- Instructions to follow -
Could you copy each line of the listing below that has the word "Platform"?

- Records for the exercise -
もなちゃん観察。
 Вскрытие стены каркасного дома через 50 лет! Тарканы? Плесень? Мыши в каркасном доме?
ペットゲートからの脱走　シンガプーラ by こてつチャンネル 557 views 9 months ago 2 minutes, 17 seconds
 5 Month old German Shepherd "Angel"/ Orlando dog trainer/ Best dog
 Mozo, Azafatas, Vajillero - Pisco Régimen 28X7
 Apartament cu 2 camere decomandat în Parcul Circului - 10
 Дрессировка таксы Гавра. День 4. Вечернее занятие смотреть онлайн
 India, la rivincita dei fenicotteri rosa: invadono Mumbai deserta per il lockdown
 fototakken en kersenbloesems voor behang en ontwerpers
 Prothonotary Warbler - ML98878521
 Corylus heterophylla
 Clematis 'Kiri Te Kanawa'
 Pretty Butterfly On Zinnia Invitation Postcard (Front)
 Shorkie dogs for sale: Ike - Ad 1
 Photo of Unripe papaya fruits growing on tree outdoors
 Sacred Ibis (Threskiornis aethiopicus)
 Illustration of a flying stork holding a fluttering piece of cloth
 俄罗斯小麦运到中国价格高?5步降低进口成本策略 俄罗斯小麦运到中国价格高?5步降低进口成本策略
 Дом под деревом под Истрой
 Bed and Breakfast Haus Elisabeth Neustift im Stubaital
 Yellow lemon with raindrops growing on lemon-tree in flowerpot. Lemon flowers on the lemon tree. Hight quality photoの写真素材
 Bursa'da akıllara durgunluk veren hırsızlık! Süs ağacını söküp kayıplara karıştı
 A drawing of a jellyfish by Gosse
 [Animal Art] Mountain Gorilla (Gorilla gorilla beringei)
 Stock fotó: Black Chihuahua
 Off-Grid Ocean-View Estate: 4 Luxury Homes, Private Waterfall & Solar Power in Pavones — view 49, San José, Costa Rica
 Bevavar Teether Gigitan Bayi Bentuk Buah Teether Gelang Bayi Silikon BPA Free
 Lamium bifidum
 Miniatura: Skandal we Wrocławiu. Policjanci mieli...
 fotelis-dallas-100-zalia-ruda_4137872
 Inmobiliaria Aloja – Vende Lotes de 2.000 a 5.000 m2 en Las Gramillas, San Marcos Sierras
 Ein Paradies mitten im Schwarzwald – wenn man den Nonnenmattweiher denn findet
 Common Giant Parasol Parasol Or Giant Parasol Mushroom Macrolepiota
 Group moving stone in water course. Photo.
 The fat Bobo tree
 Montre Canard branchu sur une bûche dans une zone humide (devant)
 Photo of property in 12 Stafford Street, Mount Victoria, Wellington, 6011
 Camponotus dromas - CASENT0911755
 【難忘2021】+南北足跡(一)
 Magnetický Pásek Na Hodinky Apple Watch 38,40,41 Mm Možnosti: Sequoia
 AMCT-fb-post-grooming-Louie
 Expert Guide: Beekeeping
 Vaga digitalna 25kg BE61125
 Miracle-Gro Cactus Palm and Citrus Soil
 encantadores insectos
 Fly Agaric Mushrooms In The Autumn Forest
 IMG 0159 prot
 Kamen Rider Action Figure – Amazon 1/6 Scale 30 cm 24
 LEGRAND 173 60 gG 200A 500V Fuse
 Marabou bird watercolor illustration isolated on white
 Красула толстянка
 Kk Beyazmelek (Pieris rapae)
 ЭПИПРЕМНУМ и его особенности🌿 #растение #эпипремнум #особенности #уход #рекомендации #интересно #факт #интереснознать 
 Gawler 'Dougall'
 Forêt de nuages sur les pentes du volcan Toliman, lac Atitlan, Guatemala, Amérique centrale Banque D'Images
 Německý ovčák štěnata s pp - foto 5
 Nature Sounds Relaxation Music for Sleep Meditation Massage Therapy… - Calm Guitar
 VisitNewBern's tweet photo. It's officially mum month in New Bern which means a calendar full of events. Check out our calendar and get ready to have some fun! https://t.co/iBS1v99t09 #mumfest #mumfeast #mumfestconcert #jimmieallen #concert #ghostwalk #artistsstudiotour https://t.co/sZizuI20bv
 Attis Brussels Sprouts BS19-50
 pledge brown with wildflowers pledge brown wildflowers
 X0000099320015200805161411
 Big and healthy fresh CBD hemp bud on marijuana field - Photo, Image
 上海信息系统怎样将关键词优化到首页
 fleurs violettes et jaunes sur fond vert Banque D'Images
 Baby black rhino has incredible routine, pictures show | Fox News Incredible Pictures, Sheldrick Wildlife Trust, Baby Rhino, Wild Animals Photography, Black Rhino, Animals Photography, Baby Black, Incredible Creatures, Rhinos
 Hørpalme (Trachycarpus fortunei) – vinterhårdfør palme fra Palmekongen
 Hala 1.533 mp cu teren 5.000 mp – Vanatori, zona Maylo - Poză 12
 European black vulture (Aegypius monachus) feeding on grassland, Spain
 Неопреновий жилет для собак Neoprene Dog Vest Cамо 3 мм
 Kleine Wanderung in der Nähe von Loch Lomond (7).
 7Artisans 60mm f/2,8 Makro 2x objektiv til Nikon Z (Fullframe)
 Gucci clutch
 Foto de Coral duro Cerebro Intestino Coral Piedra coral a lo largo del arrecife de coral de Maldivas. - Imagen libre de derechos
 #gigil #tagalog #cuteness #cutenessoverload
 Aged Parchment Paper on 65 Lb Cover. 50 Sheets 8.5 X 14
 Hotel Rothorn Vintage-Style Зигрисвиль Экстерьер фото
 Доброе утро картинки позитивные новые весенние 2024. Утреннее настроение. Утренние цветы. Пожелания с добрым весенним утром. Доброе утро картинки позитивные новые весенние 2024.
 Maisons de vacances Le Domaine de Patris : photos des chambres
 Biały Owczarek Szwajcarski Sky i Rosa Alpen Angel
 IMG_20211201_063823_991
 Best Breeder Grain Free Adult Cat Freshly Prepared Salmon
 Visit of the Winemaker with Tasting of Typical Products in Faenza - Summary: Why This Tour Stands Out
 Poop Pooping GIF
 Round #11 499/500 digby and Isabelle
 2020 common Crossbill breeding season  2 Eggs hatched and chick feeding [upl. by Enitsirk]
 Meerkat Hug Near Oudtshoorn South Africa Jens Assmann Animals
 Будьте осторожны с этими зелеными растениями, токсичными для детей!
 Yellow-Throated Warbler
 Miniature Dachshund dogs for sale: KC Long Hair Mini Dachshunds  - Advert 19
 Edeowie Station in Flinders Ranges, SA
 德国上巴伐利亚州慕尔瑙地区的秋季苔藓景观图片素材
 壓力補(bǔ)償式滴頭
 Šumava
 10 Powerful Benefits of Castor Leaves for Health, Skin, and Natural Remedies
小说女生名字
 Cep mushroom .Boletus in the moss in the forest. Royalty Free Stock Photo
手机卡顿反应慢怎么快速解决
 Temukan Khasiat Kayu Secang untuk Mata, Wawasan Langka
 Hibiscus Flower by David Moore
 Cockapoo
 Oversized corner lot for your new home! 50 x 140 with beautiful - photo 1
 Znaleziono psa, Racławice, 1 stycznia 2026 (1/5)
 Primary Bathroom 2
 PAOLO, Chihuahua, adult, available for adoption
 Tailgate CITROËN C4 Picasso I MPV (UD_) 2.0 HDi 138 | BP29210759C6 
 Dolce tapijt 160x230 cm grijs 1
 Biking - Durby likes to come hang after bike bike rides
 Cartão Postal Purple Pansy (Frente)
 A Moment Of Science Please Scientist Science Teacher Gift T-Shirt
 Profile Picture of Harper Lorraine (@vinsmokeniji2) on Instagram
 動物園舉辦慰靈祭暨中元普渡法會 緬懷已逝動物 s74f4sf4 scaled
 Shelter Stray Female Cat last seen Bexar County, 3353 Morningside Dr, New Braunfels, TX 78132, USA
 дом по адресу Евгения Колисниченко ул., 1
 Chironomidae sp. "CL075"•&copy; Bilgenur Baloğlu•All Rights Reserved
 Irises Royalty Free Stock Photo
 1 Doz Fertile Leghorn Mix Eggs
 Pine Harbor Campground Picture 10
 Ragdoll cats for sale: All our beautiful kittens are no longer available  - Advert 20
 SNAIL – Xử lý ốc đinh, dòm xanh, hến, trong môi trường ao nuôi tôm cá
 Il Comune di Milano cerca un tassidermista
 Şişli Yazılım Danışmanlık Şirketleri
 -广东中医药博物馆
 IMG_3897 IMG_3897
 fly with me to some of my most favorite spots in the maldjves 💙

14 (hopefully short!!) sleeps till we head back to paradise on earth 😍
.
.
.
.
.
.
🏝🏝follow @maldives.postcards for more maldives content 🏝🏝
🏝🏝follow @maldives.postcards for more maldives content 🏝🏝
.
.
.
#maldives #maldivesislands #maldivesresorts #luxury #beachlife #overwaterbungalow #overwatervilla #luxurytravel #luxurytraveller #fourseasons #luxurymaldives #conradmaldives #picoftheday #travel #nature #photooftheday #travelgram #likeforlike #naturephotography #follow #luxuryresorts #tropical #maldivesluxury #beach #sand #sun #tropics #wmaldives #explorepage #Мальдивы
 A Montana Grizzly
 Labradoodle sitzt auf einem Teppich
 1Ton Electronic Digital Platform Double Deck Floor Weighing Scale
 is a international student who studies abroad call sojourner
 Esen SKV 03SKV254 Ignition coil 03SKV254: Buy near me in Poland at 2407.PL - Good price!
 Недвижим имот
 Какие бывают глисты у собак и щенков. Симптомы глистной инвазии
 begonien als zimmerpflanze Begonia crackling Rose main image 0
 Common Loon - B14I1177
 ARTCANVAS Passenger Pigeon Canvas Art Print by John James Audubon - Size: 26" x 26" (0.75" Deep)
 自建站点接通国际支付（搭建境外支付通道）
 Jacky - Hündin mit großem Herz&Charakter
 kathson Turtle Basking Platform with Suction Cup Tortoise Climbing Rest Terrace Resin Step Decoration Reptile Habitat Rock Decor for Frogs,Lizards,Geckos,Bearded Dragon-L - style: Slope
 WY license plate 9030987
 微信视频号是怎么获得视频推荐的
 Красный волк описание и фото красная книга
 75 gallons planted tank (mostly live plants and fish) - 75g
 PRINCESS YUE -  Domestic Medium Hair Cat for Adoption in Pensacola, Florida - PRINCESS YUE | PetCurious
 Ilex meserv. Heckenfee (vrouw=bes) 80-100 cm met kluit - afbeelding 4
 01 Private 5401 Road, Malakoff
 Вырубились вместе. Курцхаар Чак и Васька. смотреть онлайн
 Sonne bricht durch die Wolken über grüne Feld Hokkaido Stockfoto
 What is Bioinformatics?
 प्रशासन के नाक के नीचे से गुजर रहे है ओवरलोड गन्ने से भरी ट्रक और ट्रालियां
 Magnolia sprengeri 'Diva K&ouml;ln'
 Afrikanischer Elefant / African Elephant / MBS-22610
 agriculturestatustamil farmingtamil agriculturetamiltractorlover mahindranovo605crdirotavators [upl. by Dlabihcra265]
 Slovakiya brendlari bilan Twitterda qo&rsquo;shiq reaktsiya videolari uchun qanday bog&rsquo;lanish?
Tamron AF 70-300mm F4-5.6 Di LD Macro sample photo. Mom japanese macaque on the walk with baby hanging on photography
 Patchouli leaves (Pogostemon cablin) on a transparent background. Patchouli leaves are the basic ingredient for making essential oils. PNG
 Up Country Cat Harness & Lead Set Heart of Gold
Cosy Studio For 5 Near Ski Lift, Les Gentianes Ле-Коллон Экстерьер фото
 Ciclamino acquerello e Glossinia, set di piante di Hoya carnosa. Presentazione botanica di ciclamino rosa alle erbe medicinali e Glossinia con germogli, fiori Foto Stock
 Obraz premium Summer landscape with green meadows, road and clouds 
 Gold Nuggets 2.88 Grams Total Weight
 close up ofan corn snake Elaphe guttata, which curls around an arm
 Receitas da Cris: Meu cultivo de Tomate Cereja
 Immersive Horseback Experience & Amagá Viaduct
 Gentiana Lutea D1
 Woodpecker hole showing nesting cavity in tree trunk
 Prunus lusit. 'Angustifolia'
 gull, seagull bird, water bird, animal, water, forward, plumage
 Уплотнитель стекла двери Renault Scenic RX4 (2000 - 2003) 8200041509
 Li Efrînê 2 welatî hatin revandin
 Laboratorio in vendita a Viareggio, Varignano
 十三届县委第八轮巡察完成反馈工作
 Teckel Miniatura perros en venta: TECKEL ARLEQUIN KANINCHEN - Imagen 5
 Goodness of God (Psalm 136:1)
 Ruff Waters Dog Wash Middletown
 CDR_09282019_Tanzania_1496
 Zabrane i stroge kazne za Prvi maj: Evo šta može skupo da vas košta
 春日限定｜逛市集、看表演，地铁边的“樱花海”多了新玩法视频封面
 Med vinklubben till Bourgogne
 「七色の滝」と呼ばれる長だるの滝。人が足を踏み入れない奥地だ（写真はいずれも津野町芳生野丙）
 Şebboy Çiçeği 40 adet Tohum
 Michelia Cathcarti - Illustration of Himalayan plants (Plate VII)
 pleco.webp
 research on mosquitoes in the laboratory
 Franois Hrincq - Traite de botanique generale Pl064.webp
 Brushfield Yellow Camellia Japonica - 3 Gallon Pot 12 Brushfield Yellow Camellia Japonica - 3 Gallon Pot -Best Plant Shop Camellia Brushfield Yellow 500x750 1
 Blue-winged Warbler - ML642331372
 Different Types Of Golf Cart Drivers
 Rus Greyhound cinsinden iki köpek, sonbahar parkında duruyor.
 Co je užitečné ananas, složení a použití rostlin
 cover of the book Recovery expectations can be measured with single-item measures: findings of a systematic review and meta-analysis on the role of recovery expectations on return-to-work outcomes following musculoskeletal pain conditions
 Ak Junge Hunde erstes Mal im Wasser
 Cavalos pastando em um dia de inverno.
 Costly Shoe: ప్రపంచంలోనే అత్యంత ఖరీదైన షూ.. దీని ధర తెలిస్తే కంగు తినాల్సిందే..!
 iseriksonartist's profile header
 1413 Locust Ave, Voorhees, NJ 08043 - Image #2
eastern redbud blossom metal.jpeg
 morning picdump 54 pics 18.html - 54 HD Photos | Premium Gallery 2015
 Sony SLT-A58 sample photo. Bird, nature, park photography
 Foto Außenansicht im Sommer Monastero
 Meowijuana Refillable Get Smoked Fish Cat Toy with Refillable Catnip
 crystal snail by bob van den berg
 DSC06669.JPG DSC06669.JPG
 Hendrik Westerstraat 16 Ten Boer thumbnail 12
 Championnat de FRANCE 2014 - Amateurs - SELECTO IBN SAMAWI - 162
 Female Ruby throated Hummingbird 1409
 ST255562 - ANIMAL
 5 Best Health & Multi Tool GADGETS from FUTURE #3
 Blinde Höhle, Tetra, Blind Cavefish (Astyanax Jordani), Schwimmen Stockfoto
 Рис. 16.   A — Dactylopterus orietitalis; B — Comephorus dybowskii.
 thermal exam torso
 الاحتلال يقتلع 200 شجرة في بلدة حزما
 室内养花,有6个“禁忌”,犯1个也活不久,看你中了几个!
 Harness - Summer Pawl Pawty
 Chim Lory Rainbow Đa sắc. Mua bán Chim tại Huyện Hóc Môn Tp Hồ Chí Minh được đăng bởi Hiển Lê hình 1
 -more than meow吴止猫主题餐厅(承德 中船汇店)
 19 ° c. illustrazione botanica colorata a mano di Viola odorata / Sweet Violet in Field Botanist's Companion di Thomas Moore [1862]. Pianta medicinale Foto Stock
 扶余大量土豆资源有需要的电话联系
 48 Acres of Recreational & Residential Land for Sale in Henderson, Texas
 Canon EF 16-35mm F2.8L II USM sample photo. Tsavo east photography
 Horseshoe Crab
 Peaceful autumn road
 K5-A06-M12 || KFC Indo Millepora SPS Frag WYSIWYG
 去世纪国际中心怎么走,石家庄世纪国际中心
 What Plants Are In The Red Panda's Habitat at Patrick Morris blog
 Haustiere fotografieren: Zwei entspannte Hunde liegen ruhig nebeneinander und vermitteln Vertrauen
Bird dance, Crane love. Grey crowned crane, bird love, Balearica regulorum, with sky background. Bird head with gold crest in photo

- Answer area -
 1Ton Electronic Digital Platform Double Deck Floor Weighing Scale
 kathson Turtle Basking Platform with Suction Cup Tortoise Climbing Rest Terrace Resin Step Decoration Reptile Habitat Rock Decor for Frogs,Lizards,Geckos,Bearded Dragon-L - style: Slope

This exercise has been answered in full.